» TASK TO COMPLETE: For the entries below, print exactly the lines between the line holding "Glas-in-lood zwart-witte luipaard" and the line holding "Navy, purple and", inclusive, and nothing else.

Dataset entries

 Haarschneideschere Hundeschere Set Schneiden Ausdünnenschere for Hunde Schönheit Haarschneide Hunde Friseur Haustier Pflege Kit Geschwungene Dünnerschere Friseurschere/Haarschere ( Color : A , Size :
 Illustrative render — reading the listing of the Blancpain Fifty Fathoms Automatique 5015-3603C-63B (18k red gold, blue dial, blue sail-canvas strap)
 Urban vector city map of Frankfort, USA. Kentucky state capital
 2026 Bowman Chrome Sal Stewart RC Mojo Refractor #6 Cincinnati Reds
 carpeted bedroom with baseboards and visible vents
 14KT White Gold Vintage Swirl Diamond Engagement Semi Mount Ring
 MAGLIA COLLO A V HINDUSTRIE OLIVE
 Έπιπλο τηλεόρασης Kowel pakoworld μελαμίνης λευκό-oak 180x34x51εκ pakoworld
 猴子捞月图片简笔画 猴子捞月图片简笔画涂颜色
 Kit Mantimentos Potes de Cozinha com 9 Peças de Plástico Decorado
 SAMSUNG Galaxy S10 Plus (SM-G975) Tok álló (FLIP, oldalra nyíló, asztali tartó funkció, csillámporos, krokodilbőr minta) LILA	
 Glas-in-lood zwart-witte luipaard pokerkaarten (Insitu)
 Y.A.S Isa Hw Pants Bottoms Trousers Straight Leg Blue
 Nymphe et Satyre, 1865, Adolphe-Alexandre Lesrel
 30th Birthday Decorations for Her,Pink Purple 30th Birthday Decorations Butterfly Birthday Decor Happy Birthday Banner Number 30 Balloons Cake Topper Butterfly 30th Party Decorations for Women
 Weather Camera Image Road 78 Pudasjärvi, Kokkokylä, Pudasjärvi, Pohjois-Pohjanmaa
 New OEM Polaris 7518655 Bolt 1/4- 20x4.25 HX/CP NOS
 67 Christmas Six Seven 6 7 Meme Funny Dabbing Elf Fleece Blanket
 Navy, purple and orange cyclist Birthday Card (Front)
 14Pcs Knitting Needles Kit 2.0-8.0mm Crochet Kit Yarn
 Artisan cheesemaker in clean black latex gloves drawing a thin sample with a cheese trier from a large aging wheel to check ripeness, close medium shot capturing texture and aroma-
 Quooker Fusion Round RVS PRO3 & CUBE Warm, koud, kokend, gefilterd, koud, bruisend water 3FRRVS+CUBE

» EXERCISE OUTPUT:
 Glas-in-lood zwart-witte luipaard pokerkaarten (Insitu)
 Y.A.S Isa Hw Pants Bottoms Trousers Straight Leg Blue
 Nymphe et Satyre, 1865, Adolphe-Alexandre Lesrel
 30th Birthday Decorations for Her,Pink Purple 30th Birthday Decorations Butterfly Birthday Decor Happy Birthday Banner Number 30 Balloons Cake Topper Butterfly 30th Party Decorations for Women
 Weather Camera Image Road 78 Pudasjärvi, Kokkokylä, Pudasjärvi, Pohjois-Pohjanmaa
 New OEM Polaris 7518655 Bolt 1/4- 20x4.25 HX/CP NOS
 67 Christmas Six Seven 6 7 Meme Funny Dabbing Elf Fleece Blanket
 Navy, purple and orange cyclist Birthday Card (Front)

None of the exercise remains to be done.